Tive alguns encontros com a Luedji muito importantes pra minha vida. Eu já acompanhava o trabalho dela pela internet, mas nos conhecemos de fato no (centro cultural e quilombo urbano) Aparelha Luzia (SP), por volta de 2017. Depois disso, fizemos alguns trabalhos em Brasília e Salvador, na Mostra Latinidades e no festival Les Pretas. Ela é alguém que me inspira pelo trabalho, pela mulher que é, por ser uma musicista preta que canta a profundidade e a diversidade que é a negritude brasileira e ao mesmo tempo é “só” uma artista querendo colocar pra fora o que tem dentro. “Conto” é sobre tudo isso, sobre cantar o desejo, recontar a história através de nossas próprias vozes e pensamentos, criar versos de canção.

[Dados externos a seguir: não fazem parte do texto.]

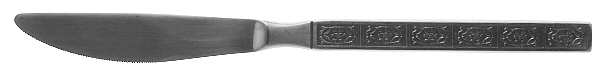 Burguntine-Velvet (Stainless) Modern Solid Knife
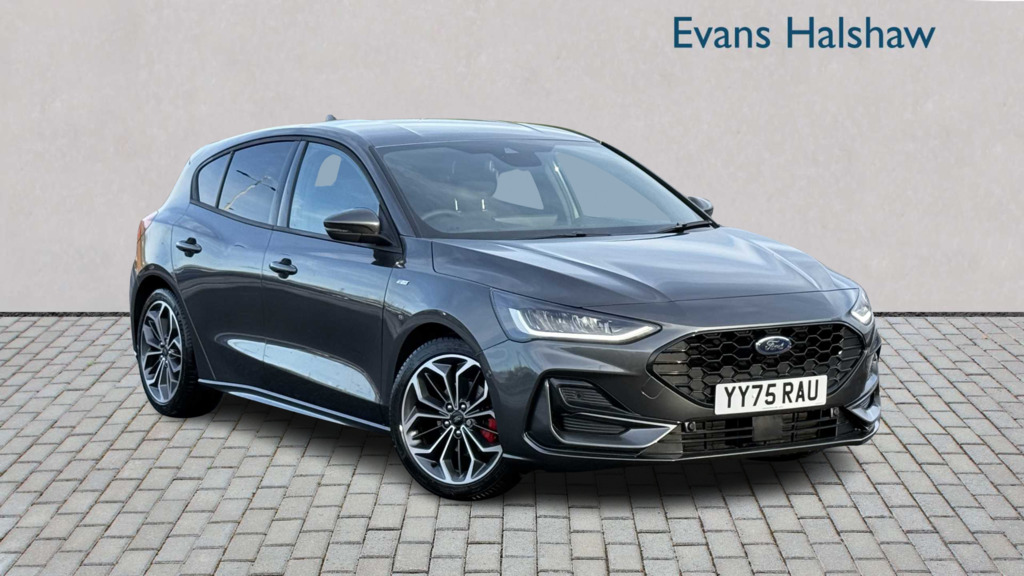 Ford Focus 1.0 Ecoboost Hybrid Mhev St-line X 2025 Grey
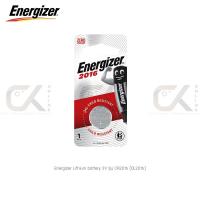 ราคา ถ่านกระดุม Energizer Lithium battery 3V รุ่น CR2016 DL2016 แท้ศูนย์ (7858594781)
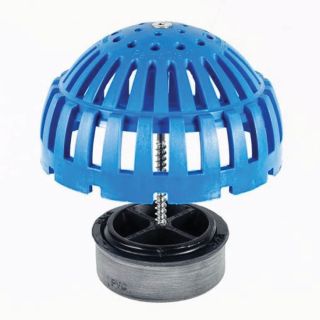 PermaDrain Dome Strainer Locking 3"
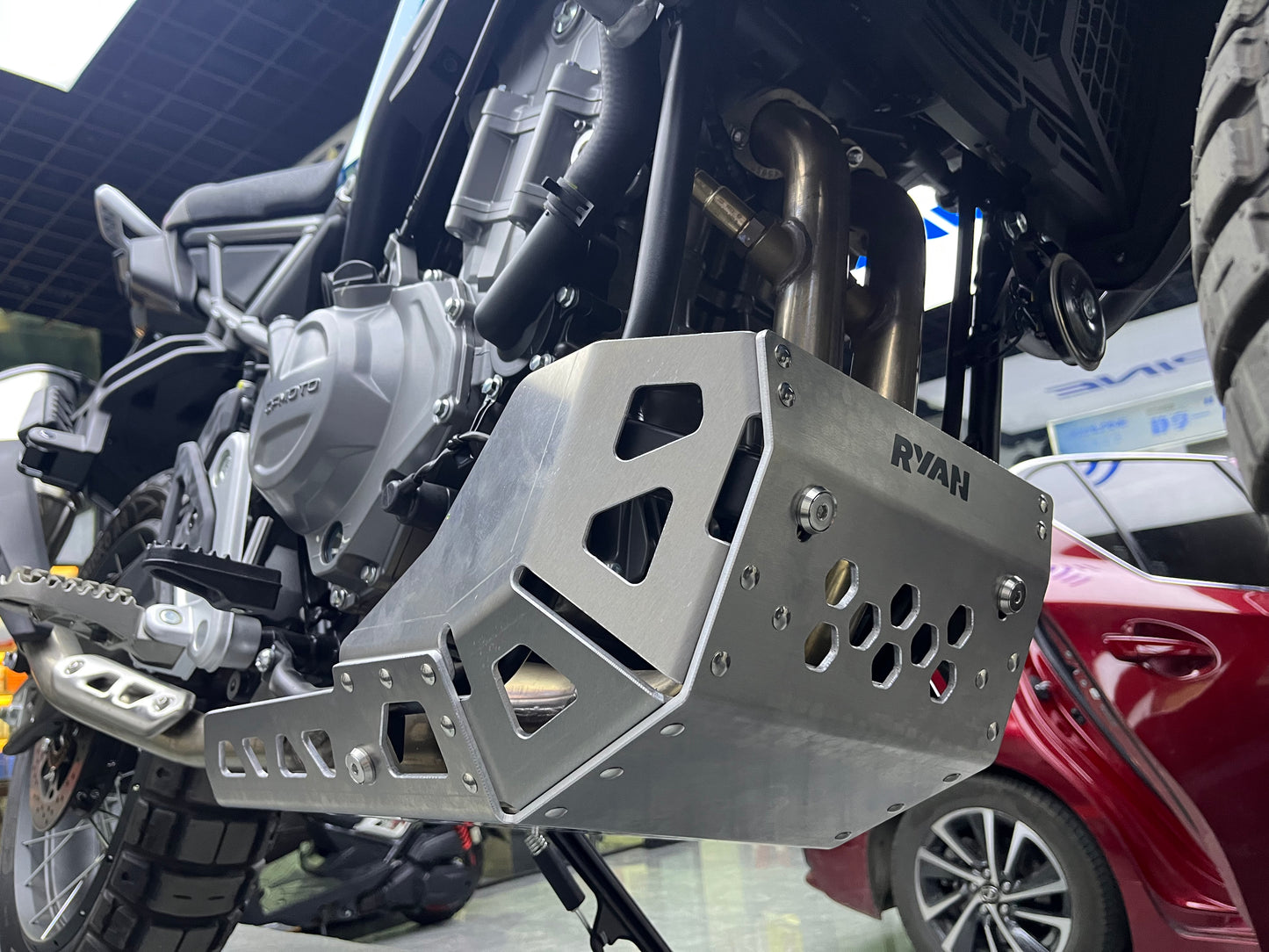 450MT engine protection(L)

Além do português, o espanhol (“El Pescador”) e o francês (“Jean Qui Rit, Jean Qui Pleure”) foram linguagens que você optou por dialogar para transmitir a sua mensagem nesse novo disco. Quais foram as motivações e intenções a levaram por esse caminho?
Como cantora tenho muito interesse em pesquisar situações que me façam cantar diferente e explorar timbres que geralmente não acesso na vida cotidiana. Há algumas ferramentas que nos provocam esse lugar e uma delas, sem dúvida, é falar/cantar outra língua. Os fonemas, a entonação, a pronúncia, a musculatura, os gestos, as feições… tudo isso faz cantar diferente e acho muito interessante. O espanhol veio de algumas passagens que fiz pela Colômbia. Me conectei muito com a língua na época em que viajei com o Pé de Amora, meu ex duo de música instrumental brasileira com o Bruno de Oliveira. O francês é uma língua que estudo há algum tempo. Houve uma época em que eu tinha planos de ir pra Burkina Faso, país francófono na África ocidental. A viagem ainda não rolou, mas “Jean Qui Rit, Jean Qui Pleure” me rendeu o 1º lugar no Festival da Canção da Aliança Francesa (2021) e parto para a França em outubro deste ano como premiação.

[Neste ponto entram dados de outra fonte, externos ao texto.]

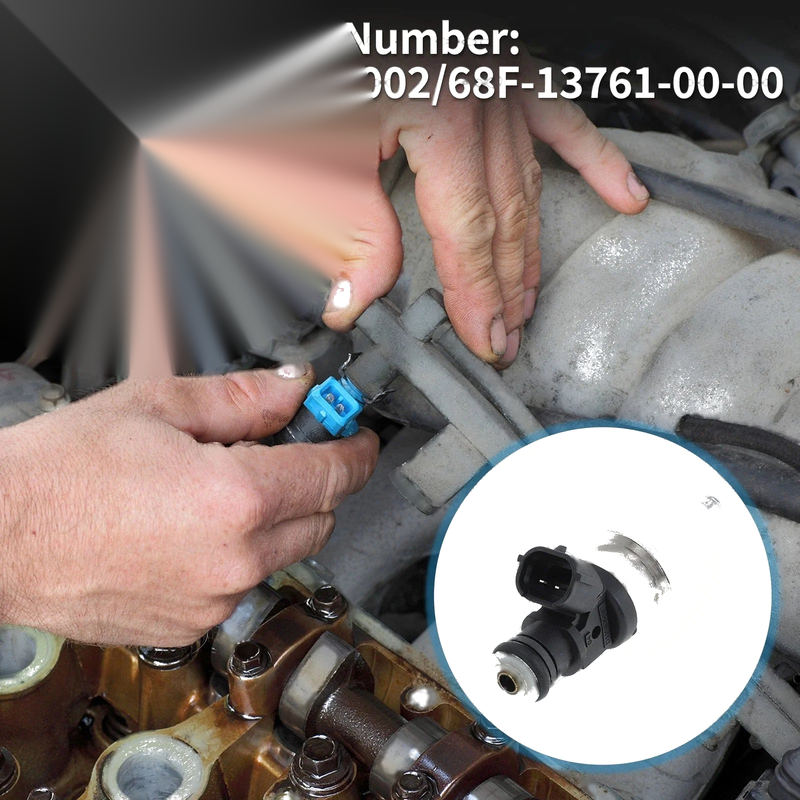MITSUBISHI CARISMA 1.8 16V GDI (1997-2006) 1 Pc Black Fuel Injector E7T05071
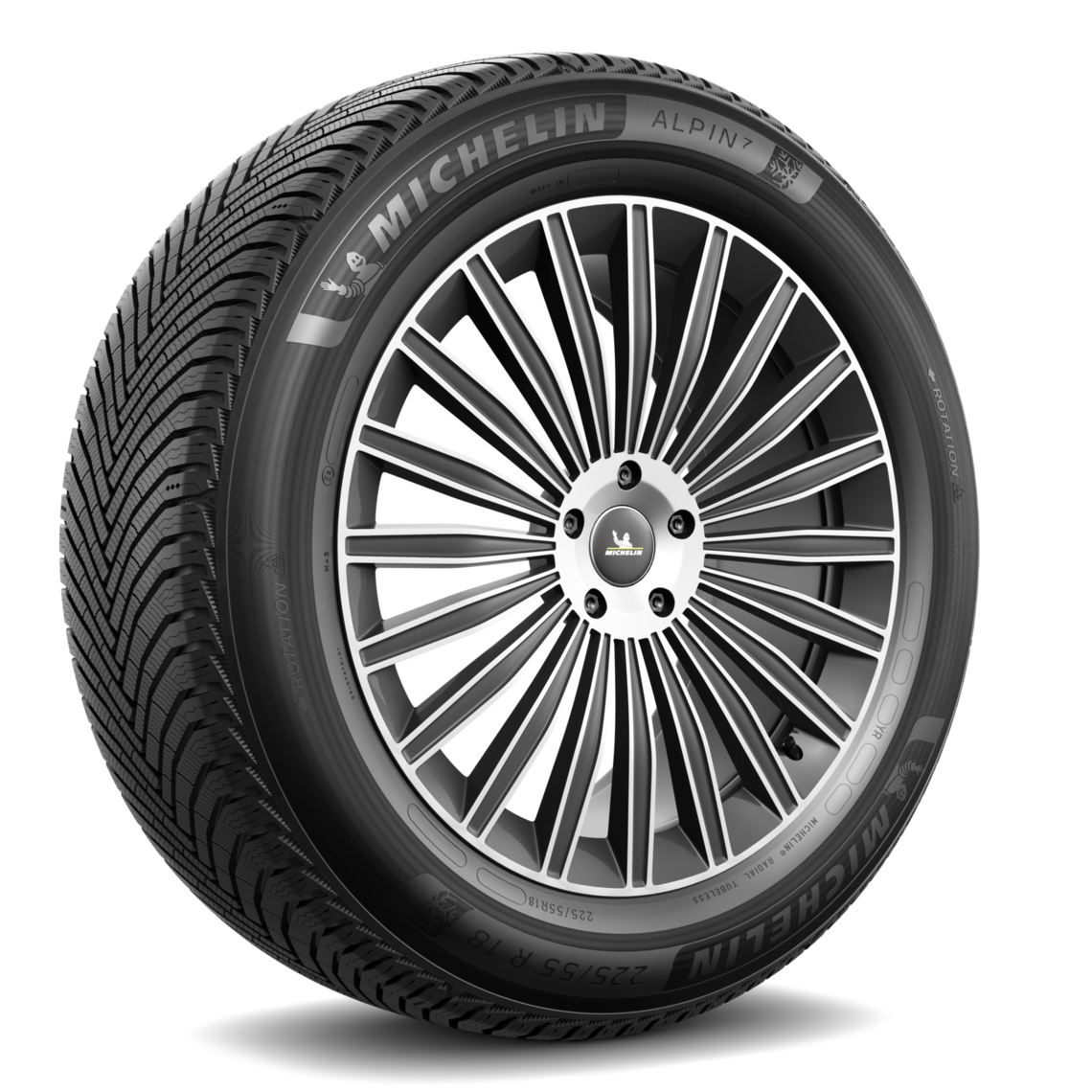 Michelin Alpin 7 215/55 R16 93H
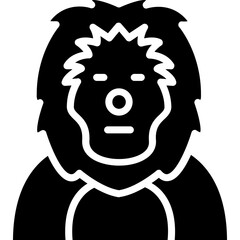 Big Foot Icon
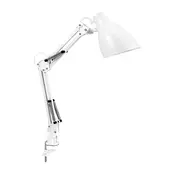 Osram - Namizna svetilka s sponko DESK LINE 1xE27/11W/230V bela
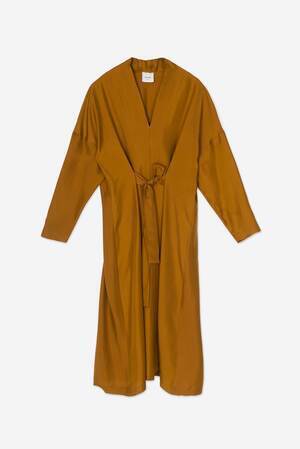 ALYSI SILK DRESS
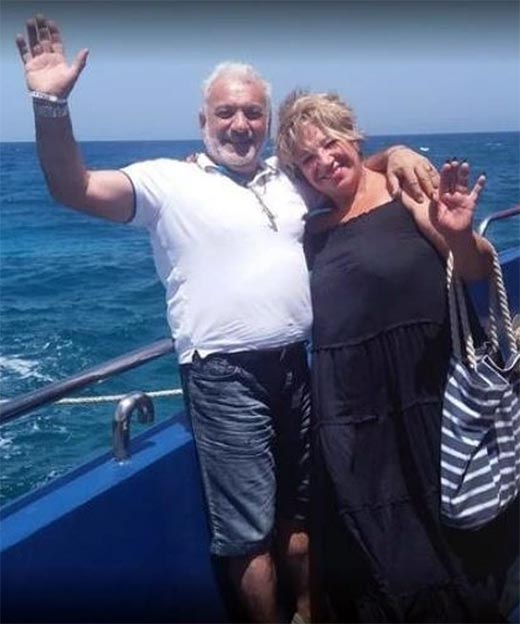 Джульетта Степанян и Самвел Багинян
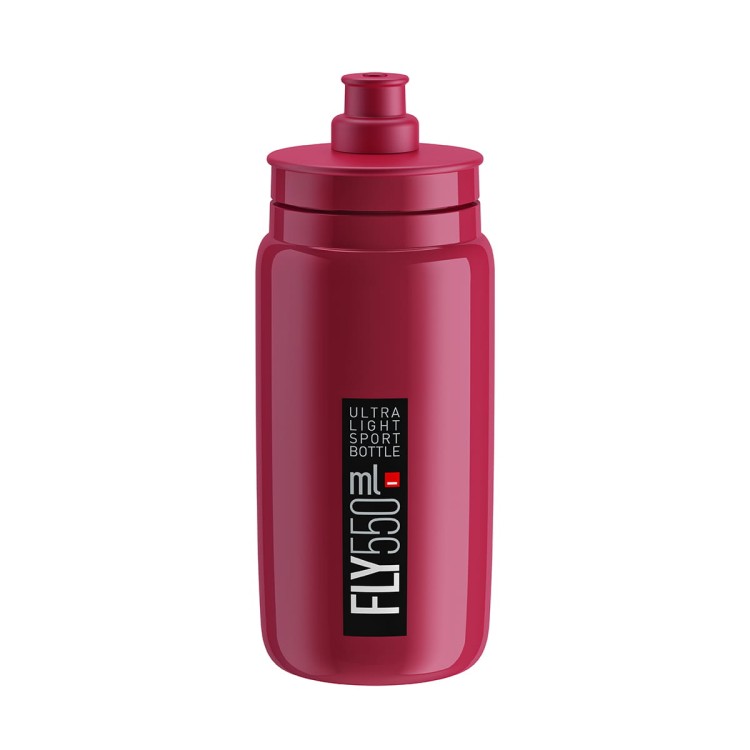 Elite Bidon FLY Amaranth Czarny 550ml.jpg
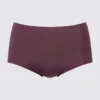Pantalones de tiro bajo AIRism sin costuras para mujer Pantalones de tiro bajo AIRism sin costuras para mujer
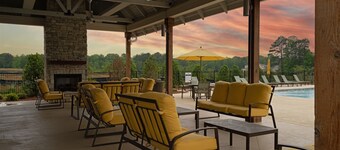 Orange & Blue Skies | 2 Bed, 2 Bath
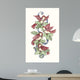 Calling Birds Stocking Wall Decal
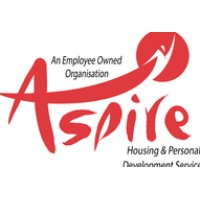 Aspire Housing and Personal Development Logo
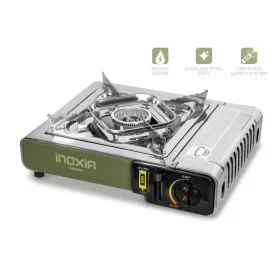 Delphin Inoxia Gas Stove 2000W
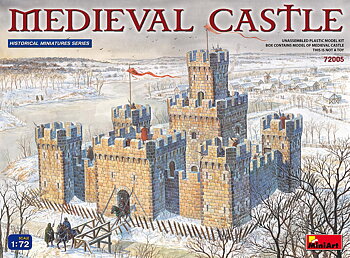 1/72 Medieval  Castle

Para além das plataformas musicais, como o Spotify, para “Fio” você apostou na produção de visualizers para cada uma das faixas mais um videoclipe para a parceria com a Luedji. Em tempos nos quais se discute regras de mercado e necessidade de adequar a plataformas como o TikTok, qual a sua opinião sobre a produção artística de conteúdo audiovisual na atualidade?

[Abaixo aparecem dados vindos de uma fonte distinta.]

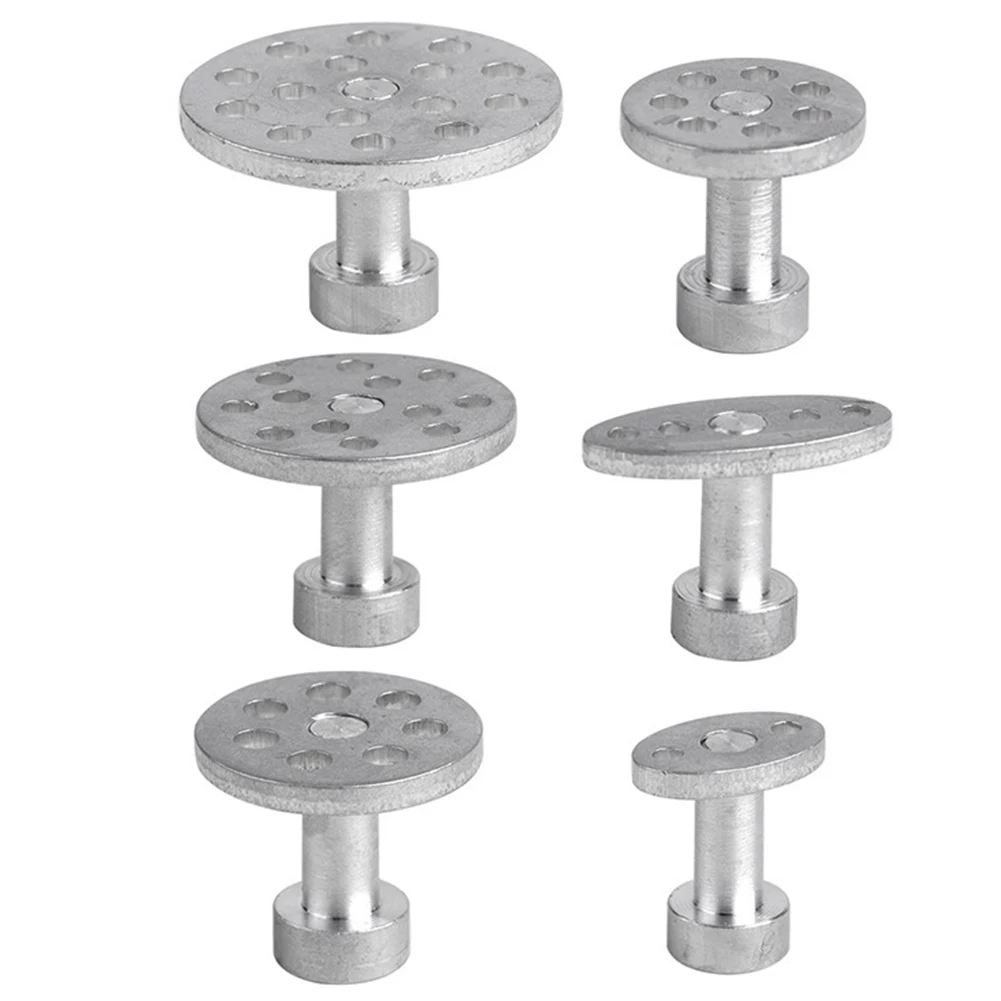 6 шт. потянув инструменты для ремонта автомобиля вкладки клей металлический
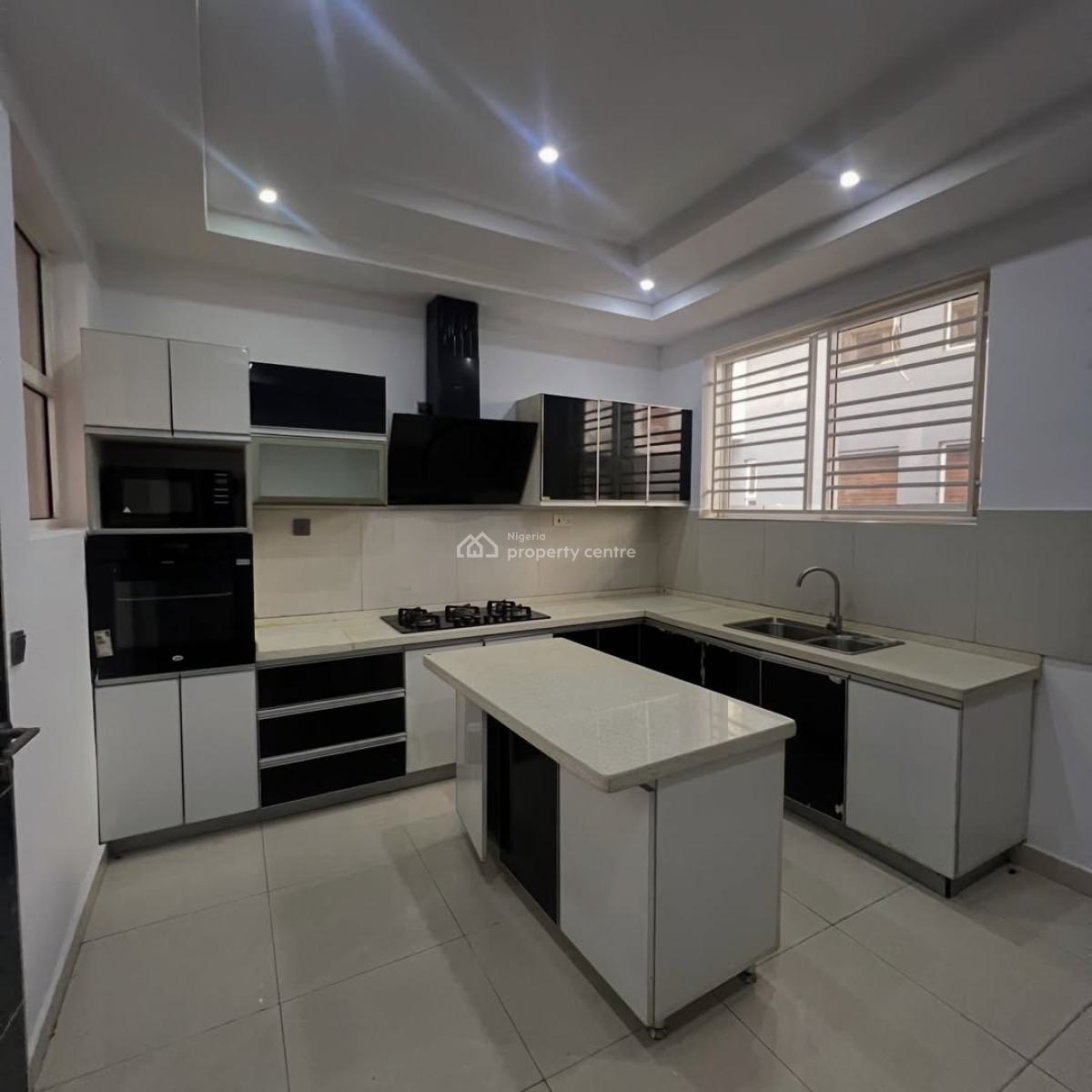 Luxury 5-bedroom Semi Detached Duplex with Bq, Osapa, Lekki, Lagos, Semi-detached Duplex for Sale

Acho tudo um grande desafio. Estamos vivendo uma era de mudanças que significam rompimentos completos sobre a forma que consumimos as coisas, nos relacionamos com as pessoas e isso mudou completamente nossa maneira de comunicar. Música é comunicação, logo, estamos reconstruindo nossa maneira de trabalhar baseados em “faça você mesme”. Quero dizer que a maioria das coisas que já tivemos como referências sólidas não fazem sentido no mundo frenético digital sintetizado de hoje. Por outro lado, tenho achado muito massa essas possibilidades de experimentação. A vida de hoje tem mudado nossos conceitos de certo e errado, de pode e não pode. A música é uma ferramenta importante de reflexão e está super potencializada pelo filtro do audiovisual. Finalmente o primo rico e o primo pobre se encontraram, só resta a gente se organizar melhor e também viabilizar o nosso trabalho pra viver com dignidade.
Você recentemente participou e / ou foi convidada para participar de tributos a ícones da música como Marku Ribas e Elza Soares. Para você qual a importância de participar de eventos como esse?
Fico super honrada com esses convites e vejo que o meu trabalho tem reverberado em outras pessoas. Marku, Elza e tantos outros gigantes da música brasileira são referências pra mim, pela diversidade de cantar, se posicionar, criar e também porque foram artistas pretos em movimento num momento em que assumir este lugar requeria grande coragem. Desejo ser um fio condutor deste legado também.
Com o aquecimento do mercado dos shows e um disco novo debaixo do braço quais são seus planos futuros?
Desejo circular com o “Fio” presencialmente, tanto no Brasil quanto fora. Tô morrendo de saudade das rotinas de shows e não há mundo digital que substitua experiências presenciais.
– Bruno Lisboa escreve no Scream & Yell desde 2014. A foto que abre o texto é do Studio Tertulia.